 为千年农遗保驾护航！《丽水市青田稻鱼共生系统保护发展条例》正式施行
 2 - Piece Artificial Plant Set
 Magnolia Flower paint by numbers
- - - - - - -
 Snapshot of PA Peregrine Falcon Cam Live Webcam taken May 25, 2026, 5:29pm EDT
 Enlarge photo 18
- - - - - - -
Look above for the line with "为千年农遗保驾护航！《丽水市青田稻鱼共生系统保护发展条例》正式施行" and the line with "Magnolia Flower paint by numbers", and reproduce exactly those two lines plus every line between, nothing more.

Result of the task:
 为千年农遗保驾护航！《丽水市青田稻鱼共生系统保护发展条例》正式施行
 2 - Piece Artificial Plant Set
 Magnolia Flower paint by numbers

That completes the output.